The Evolution of Data Discovery From Statistics to Data Security

In this article, we’ll explore the mainstream approaches organizations use to search for sensitive data across systems and networks.

We’ll take a brief step back in time to understand the origins of data discovery that underpin the approaches and techniques used today.

As well as explaining several of the real-world discovery methods businesses deploy, we’ll uncover the pros and cons of these approaches and look ahead to the future of data discovery enhanced by artificial intelligence and machine learning.

A brief history of data discovery

“If you want to understand today, you have to search yesterday.” — Pearl Buck

Today, data discovery is a phrase often associated with privacy compliance and data security.
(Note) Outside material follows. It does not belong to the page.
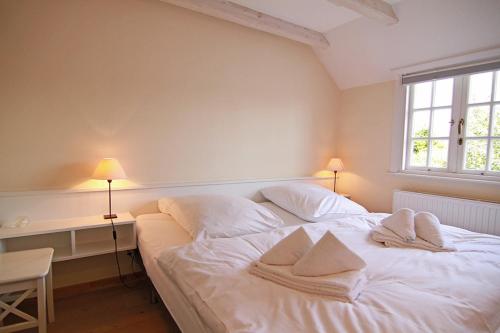 una camera da letto con un letto bianco e asciugamani di App Anne a Süderende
These are relatively modern concerns, however; it wasn’t until 1970 that the first privacy law was introduced, by the German state of Hessen. The first national legislation appeared in Sweden in 1973.

NIST, the US cybersecurity authority, was conceived as the “National Bureau of Standards” in 1972 and published security guidelines from the mid 1970s. The information security standards we recognize today were introduced in the late 1990s and early 2000s. BS 7799, later adopted as ISO/IEC 27001, was first published in 1999; PCI DSS v1.0 was released in December 2004.
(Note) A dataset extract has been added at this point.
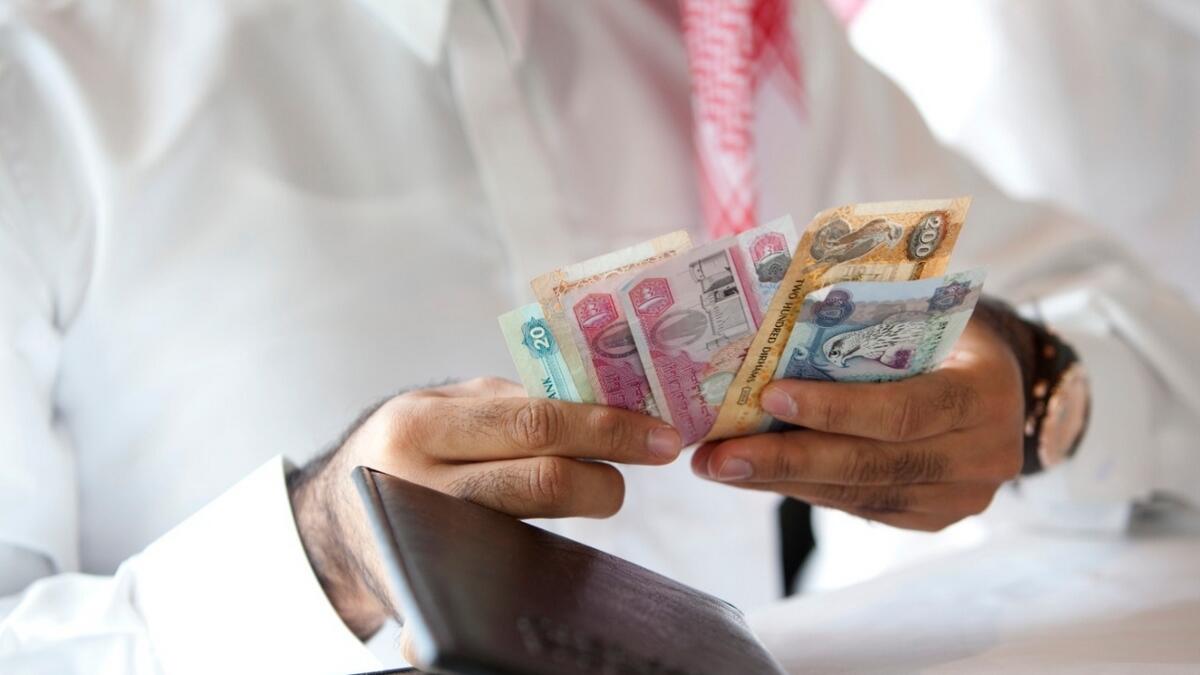 Forcing employees to sign fake pay slips showing that they received their salaries -- Dh5,000 per employee.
The broad field of data discovery originated in the 1960s, referred to then as data mining, where statisticians, economists, and financial researchers would analyze data to identify patterns. The practice became more mainstream following the First International Conference on Data Mining and Knowledge Discovery (KDD-95) held in Montreal in 1995 as a field of academic interest and for data visualization and reporting.

In data science, data discovery is the analysis of data to identify trends and patterns. It is preceded by data exploration, which is the process of identifying and understanding data sources. In cybersecurity, data discovery refers to the process of searching for and identifying specific categories of data that need to be managed for security and compliance purposes.

The value of data discovery for data security and privacy compliance gained traction with the introduction of information security standards and frameworks such as BS7799 in 1995 (adopted by ISO as ISO17799 before being merged into the ISO27000 series of standards as ISO27001:2005) and PCI DSS in 2004.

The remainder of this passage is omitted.